I think the hardest thing for me to do is to remove the armor of work and indulge in the sweetness of life. In fact, this, as it turns out, is the real work – to consistently find that river of joy that carries me beyond the day-to-day and the stress of tomorrow.
Work has its place, no doubt. But wouldn’t it be great if we naturally returned to that Joyous Gard? If the mind of beauty and inspiration was much more common than that of criticism?

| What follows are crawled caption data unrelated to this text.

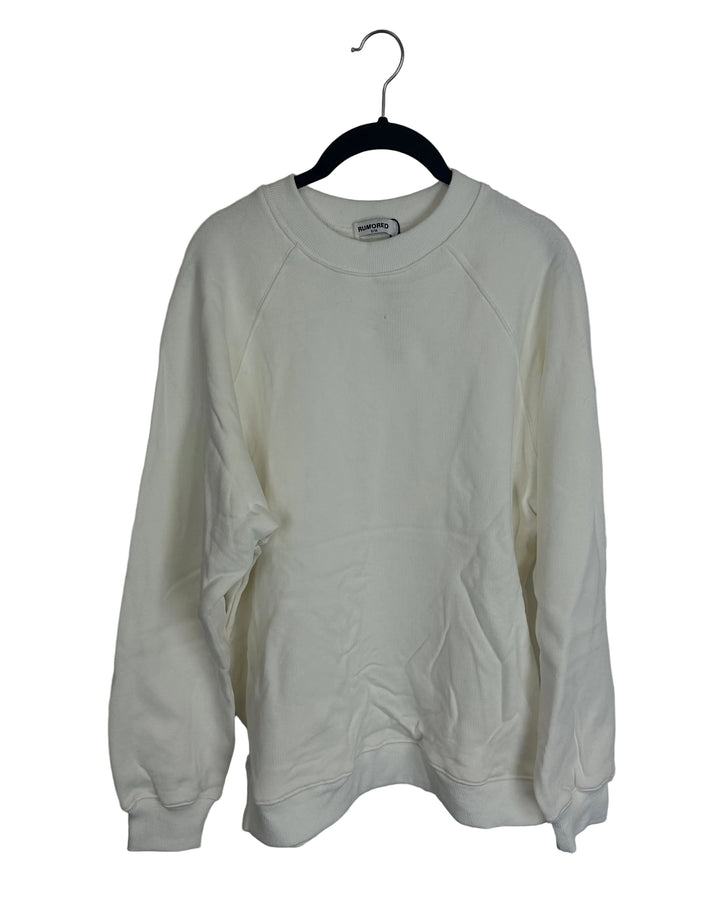 White Mock Neck Sweatshirt - Size 4/6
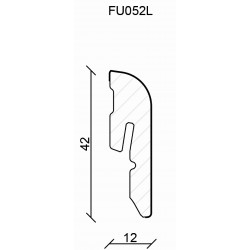 42x12mm FU052 Listwa przypodłogowa MDF do malowania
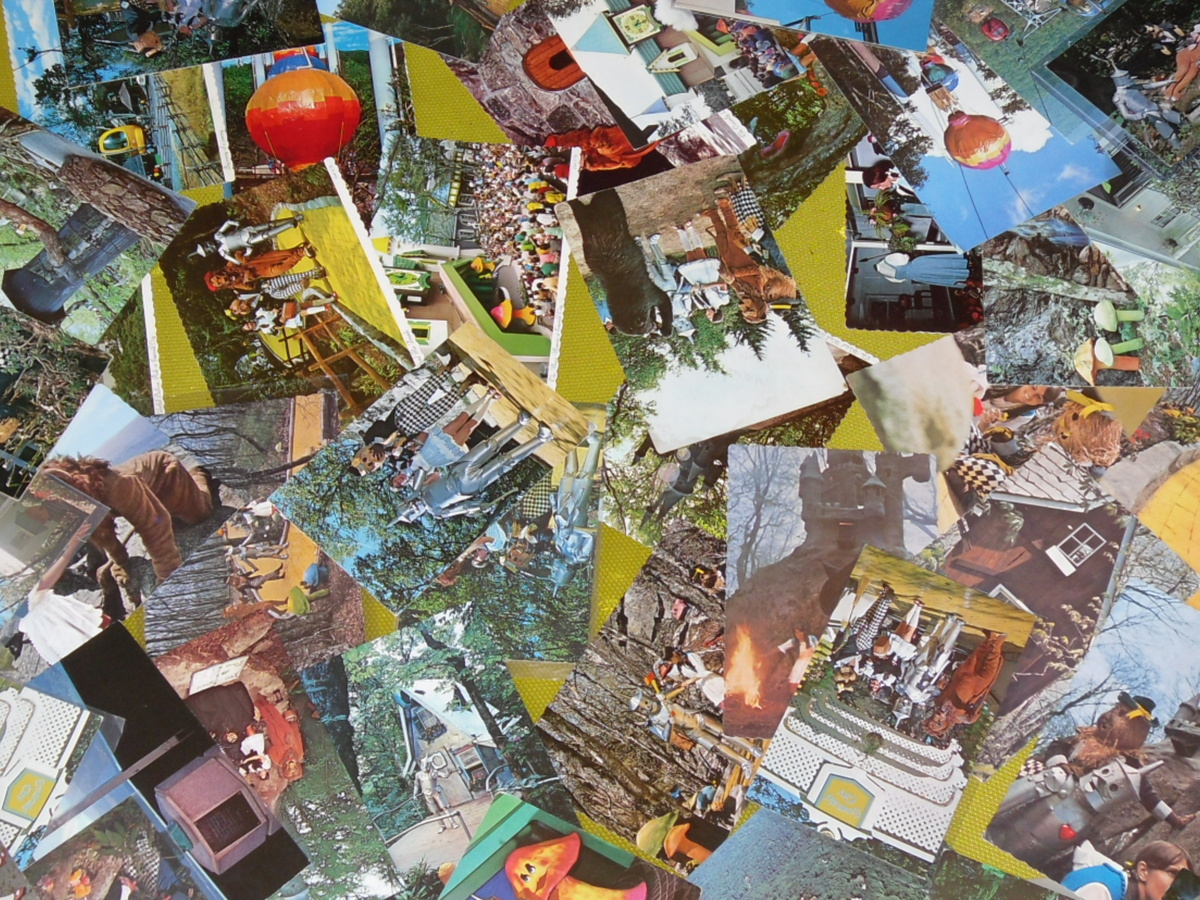land of oz postcards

I liken the mind of Joyous Gard to a space orbit, floating, it seems, weightless. But to reach that point of orbit, engines are working and fuel is spent. Listen to the American astronaut Joseph Allen describe his experience in the Space Shuttle:
” When the engine shut down, I unbuckled myself from my seat and I was floating. I knew we were in orbit. We had to do an orbital-maneuvering-system (OMS) burn to get into a higher orbit. But before we even did the burn I floated upstairs – from middeck, below the flight deck – to look over the guys’ shoulders. I looked out the window and couldn’t believe it. The sun was streaming in, and you could look right down at the Atlantic Ocean. I look at the three of them doing the countdown for the OMS burn and I thought, How in the world can you do that? Look outside!”
Day 25 Guide:
Today, I want you to fire up your engine. I want to help you find your orbit.
There’s nothing you can do about the fact that it’s a Monday, right? Sometimes it’s a rude interruption to the relaxation of a nice weekend. And on Monday, more than any other day of the week, you need to feel success. You need to sense the sweetness of accomplishment and discover that even work itself can be a road to finding your orbit.
Organization and discipline should be your key thoughts today. Approach the day standing tall, with your mind focused on taking care of things.
Make a list of things that you’d like to accomplish today, and then attack that list.
Don’t let your mind feel the stress of anything beyond the items on your list. Confine your work-thoughts to that list.
Plan on unexpected events and consider them to be only obstacles not roadblocks.
Frequently refer to your list throughout the day.
Make a game out of attacking your list. Even punching through the things you accomplish with a hole-puncher might even give you a greater sense of completion. See how far you can get completing the items on your list.
The highest reward for man’s toil is not what he gets for it, but what he becomes by it.